This is what a family in crisis looks like.
Since this film is just made of nightmares, the family dinner scene is still one of the more disturbing things I’ve ever witnessed. Even having seen this movie multiple times over nearly twenty years, I find this seen gravely unsettling. But why?
Everything in this scene is an affront to both my (the viewer) and society’s normative values. It turns into a grotesque mockery because it mocks every single thing that we as members of an egalitarian society and culture hold as the agreement between each other.
A young woman—bloodied, beaten, and in obvious extreme emotional distress—is tied to a chair with both arms out, unable to protect herself against any potential assault. She is held against her will to take part in a disturbing dinner tableau that features Spanish Manson, the duplicitous, dominant patriarch Gas Station Attendant, and (in a disturbing subversion of normatives) Leatherface wearing a woman’s face with makeup applied to it and a smart blue blazer. Grandpa also attends the dinner, only he’s a husk that looks like an animatronic mummy.
The walls are grimy and stained, the food is the stuff they feed you in the fifth circle of Hell’s cafeteria, and when Sally begins to scream, the “family” screams even louder in unison, eventually breaking into unrestrained laughter and mockery of her suffering.
They’re violent and vile to everyone and everything, even each other. And at the height of this completely insane moment, the camera snap-zooms out quickly from the farmhouse, revealing the calm, picturesque rural scene masking the horror show going on inside.

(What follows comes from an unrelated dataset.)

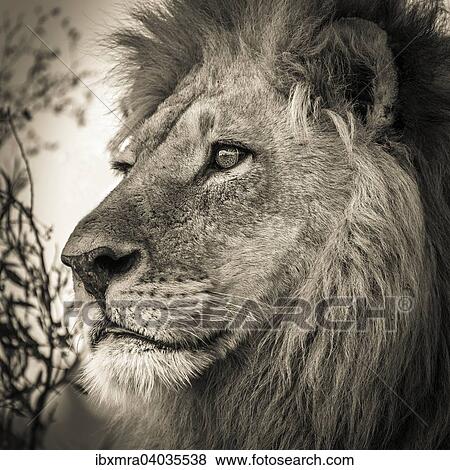 Lowe (Panthera leo), Mannchen, Okavango-Delta, Botswana, Afrika View Large Photo Image Stock Photo - Lowe (Panthera leo), Mannchen, Okavango-Delta, Botswana, Afrika. Fotosearch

The conclusion of this dinner is the slaughter of Sally, which they offer the honor to their mummy-grandpa to take first whack at her head, which I guess passes for respect in this clan. She’s set up for slaughter over a bucket (to catch her blood, I suppose. I don’t know and I don’t want to think about human abattoirs).
And if you think watching someone get hit in the head once with a hammer is unpleasant, Sally endures several from the ancient husk before breaking free and jumping out of a window. Again.
In bloody panic, Sally runs to the roadway, chased by Manson & The Leathers (playing at The Stone Pony November 9th!) and a mac truck stops on Manson’s body.
He has a giant truck and Sally quickly gets in, but what does he do? Get out of the truck. Where Leatherface is with a chainsaw. But this trucker, Yellow Shirt, throws a fucking wrench into LeLe’s face and (maybe) gets away. Fortunately, another truck comes along and Sally jumps into the bed, laughing hysterically at having escaped the shrieking madness from a moment ago.
That’s it: I’m moving to Austin!
Leatherface does a one-man chainsaw dance in the setting sunlight, still out there, waiting once more for the right group of people to make one wrong turn.
He also secured a NEA grant for his interpretive dance project.
Two Americas
The Texas Chainsaw Massacre was created in an America that was reeling from the heady, wild 1960s, with a division between young and old, liberals and conservatives alike after the defeat of both the counterculture movement and defeat in Vietnam, respectively. Both sides were unsure of where their ideologies were headed just as sure as they were in strong opposition to the other side.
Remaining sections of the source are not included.